The citizens of the United States are not a particularly hospitable bunch, especially to foreigners. Or, at least, that has been my anecdotal observation over the years. But why rely on anecdotal observations, when Karen Fischer has provided us with some data? In her recent article, “Many Foreign Students Find Themselves Friendless in the United States” (The Chronicle of Higher Education, June 22, 2012), Fischer states, “More than one in three foreign students in a new survey say they have no close American friends, and many say they wish they had more, and more-meaningful, relationships with Americans.”

Fischer cites Elisabeth Gareis, associate professor of communication studies at Baruch College. Gareis is the author of “Intercultural Friendship: Effects of Home and Host Region,” a research report on 450 students (undergrad and graduate) at 10 public universities. She reports that 27 percent of international students claimed three or more “close American friends,” 17 percent claimed one such friend, 18 percent claimed two, while 38 percent claimed none. Students from English-speaking countries were the most likely to have three or more. Students were split in their assessment of blame: 46 percent blamed their own shyness or English skills while 54 percent blamed American students for the lack of connectedness. Gareis asks, “‘Where else can people meet and have the time and the freedom to make friends across cultures than at college? . . . But we’re not fulfilling that promise.’”

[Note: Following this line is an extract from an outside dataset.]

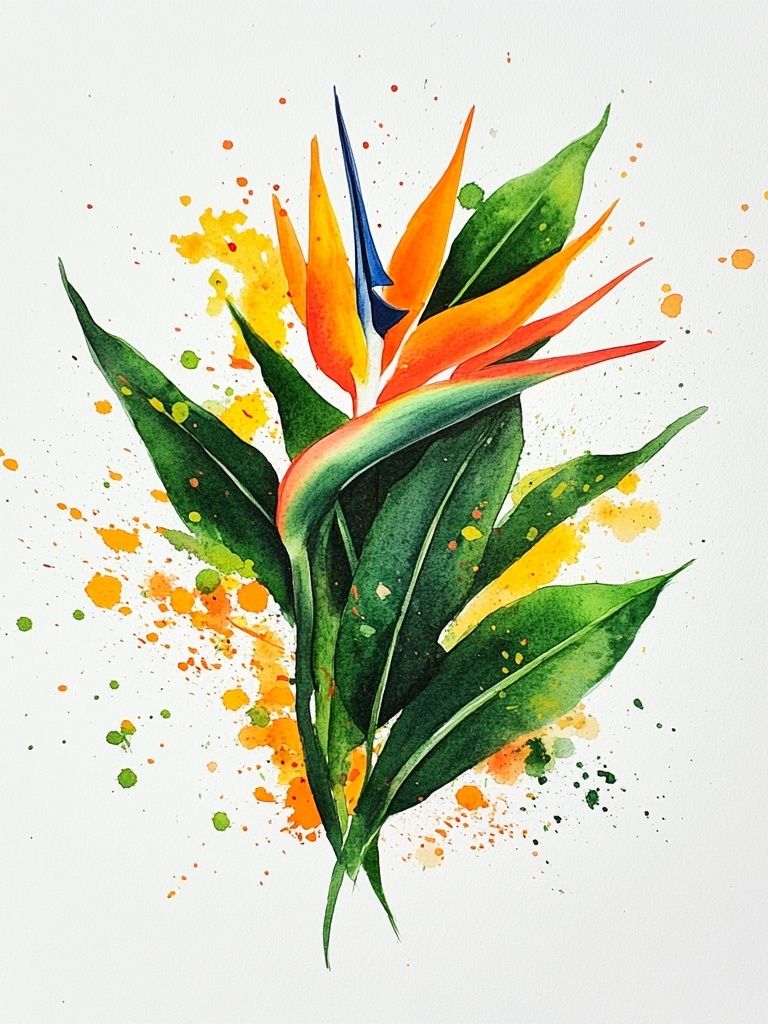 Bird of Paradise Watercolor Print. poster — botanical art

This survey is not comprehensive or definitive, and my argument would be fallacious if I were to jump straight to conclusions that dismissed American culture as inherently inhospitable. But the survey does raise interesting questions and, more importantly, the specter of a unique opportunity: for Christians to love the nations by loving their students who travel to the United States for an education. As Paul writes, “Welcome one another as Christ has welcomed you, for the glory of God” (Rom. 15:7). May the day come that God’s people collectively embrace foreign students from all tribes, tongues, peoples, and nations (Rev 5, 7), welcoming them and loving them by means of word and deed.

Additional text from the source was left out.